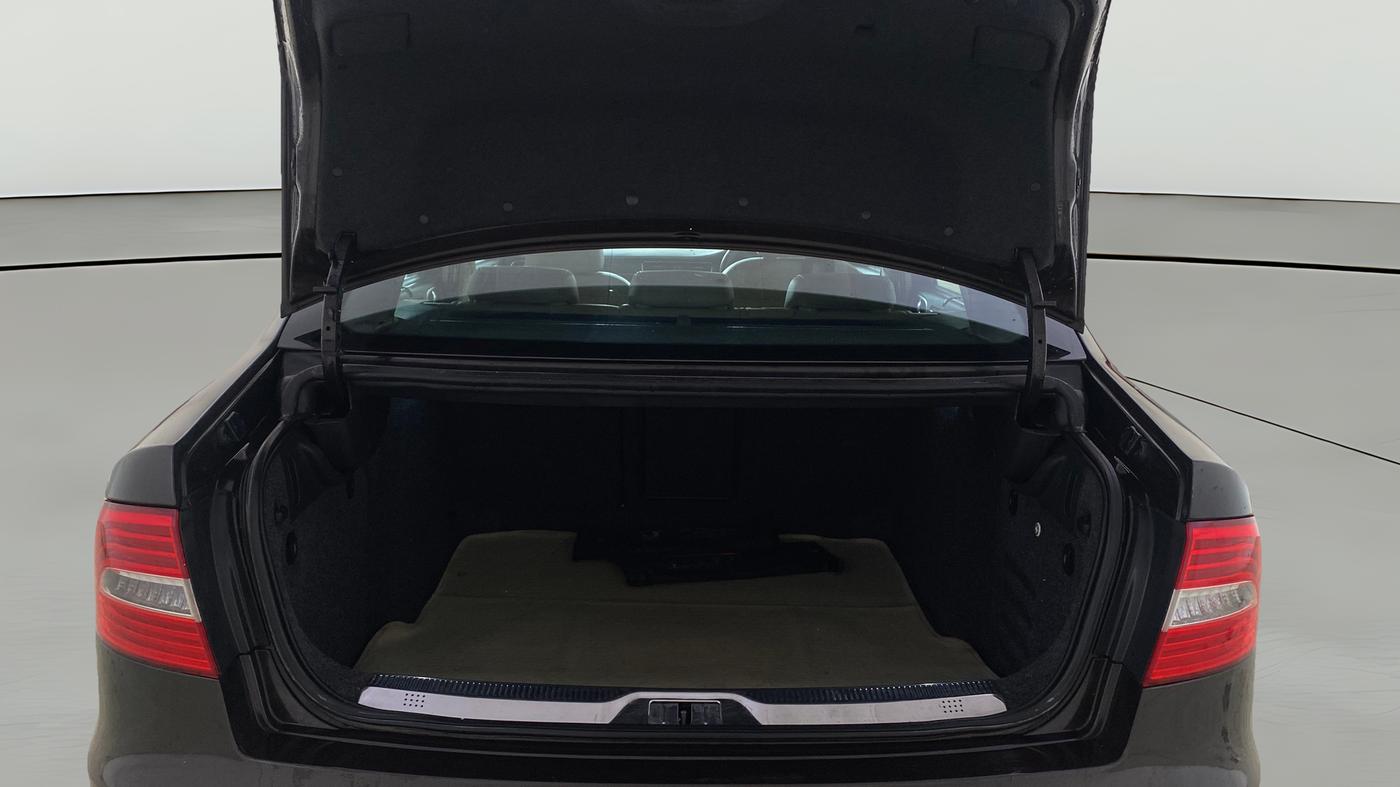 2014 Skoda Superb ELEGANCE 1.8 TSI AT, Petrol, Automatic, 73,571 km, Boot Open Zoomed View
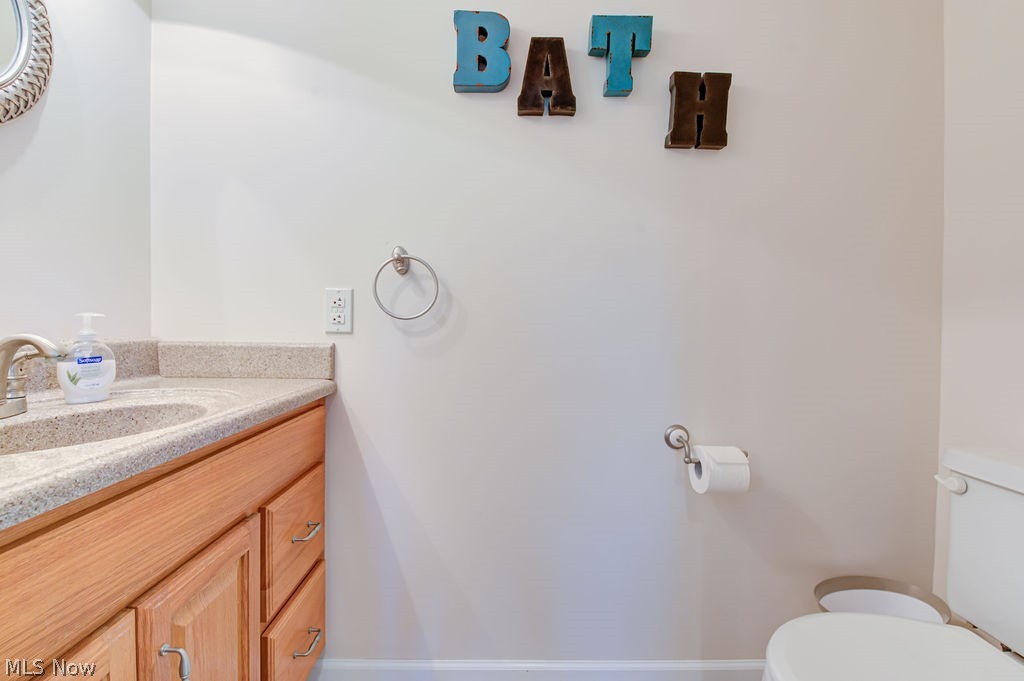 27835 Knickerbocker Road Bay Village, OH 44140 - Photo 19 of 35 Gallery Image 19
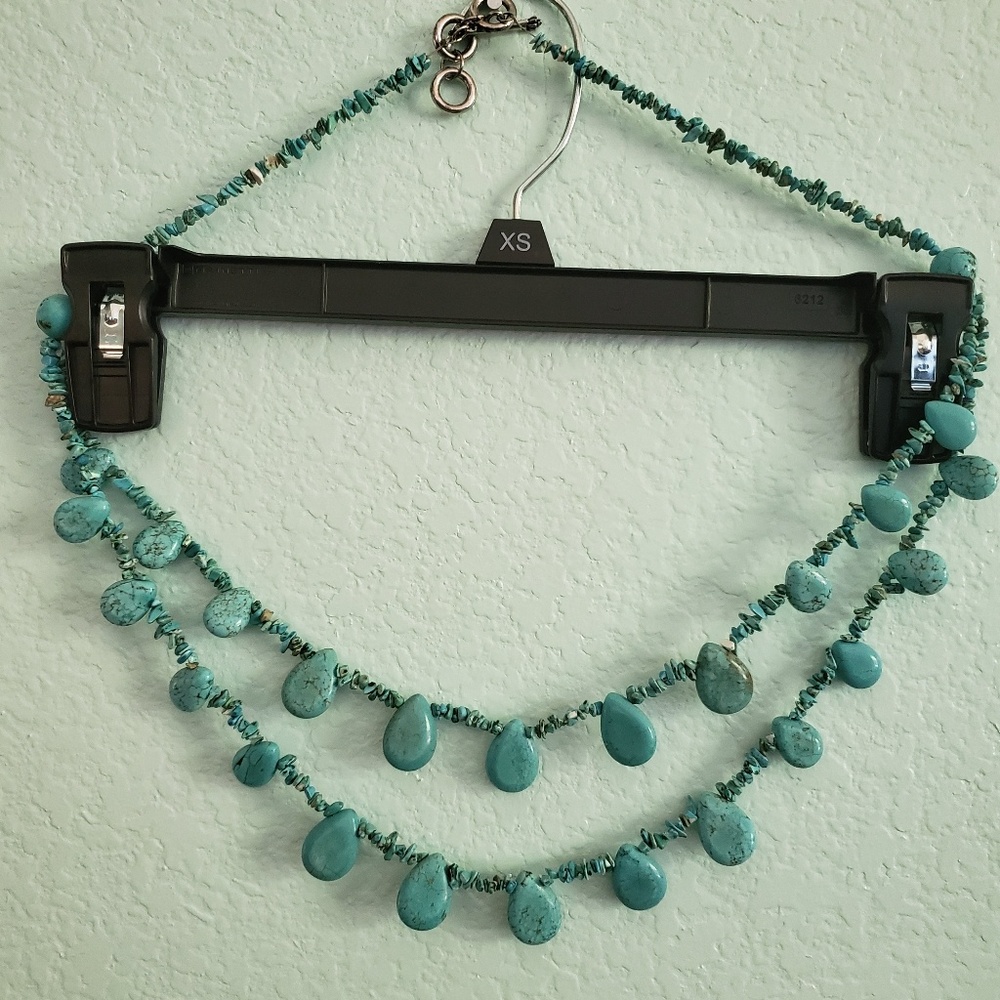 Turquoise beaded necklace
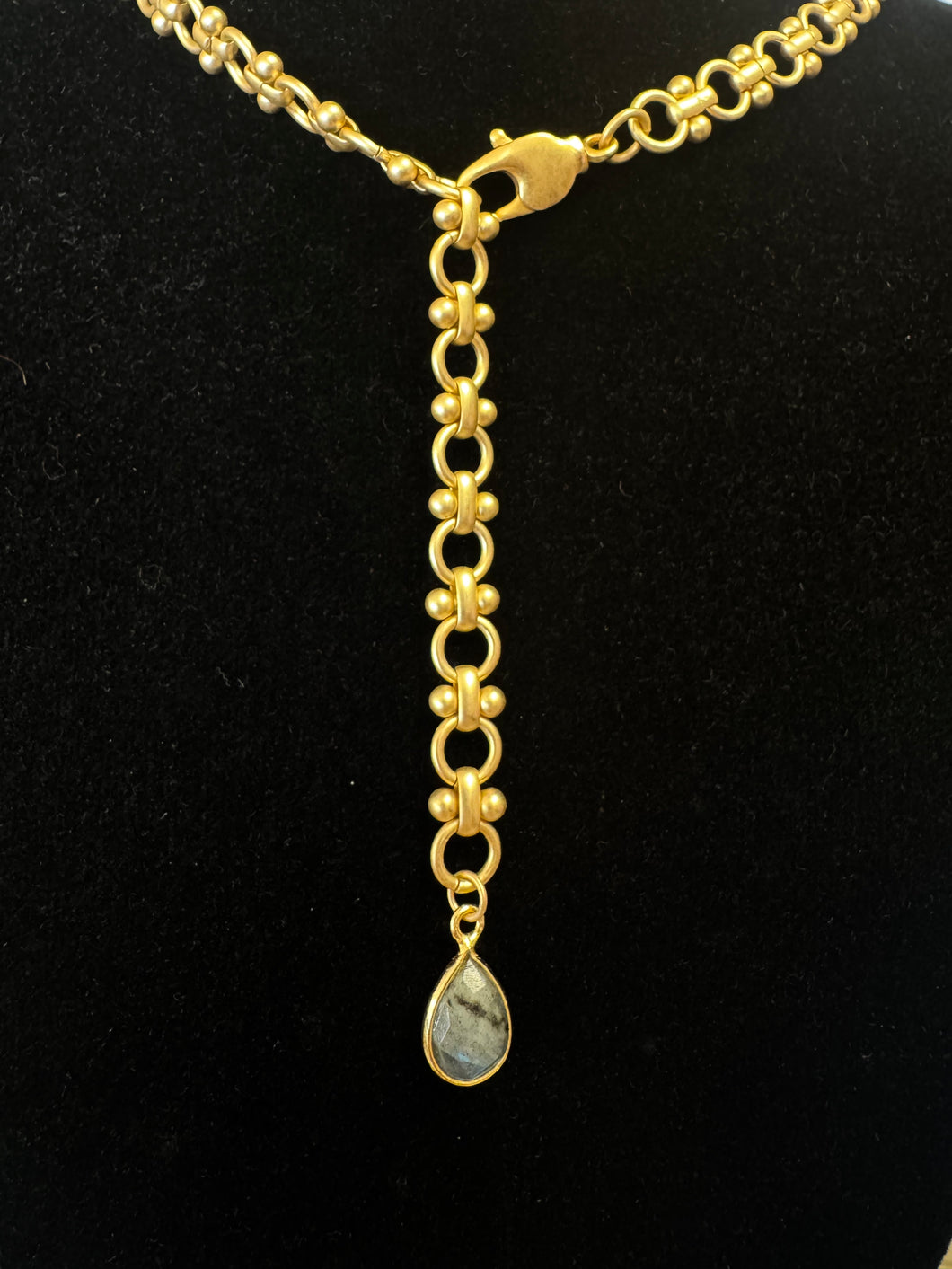 Luxe Necklace with Teardrop Stone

-- -- --

YOUR INSTRUCTIONS: All of the material above should be set down again exactly, though not its pictures.

EXERCISE ANSWER:
 2014 Skoda Superb ELEGANCE 1.8 TSI AT, Petrol, Automatic, 73,571 km, Boot Open Zoomed View
 27835 Knickerbocker Road Bay Village, OH 44140 - Photo 19 of 35 Gallery Image 19
 Turquoise beaded necklace
 Luxe Necklace with Teardrop Stone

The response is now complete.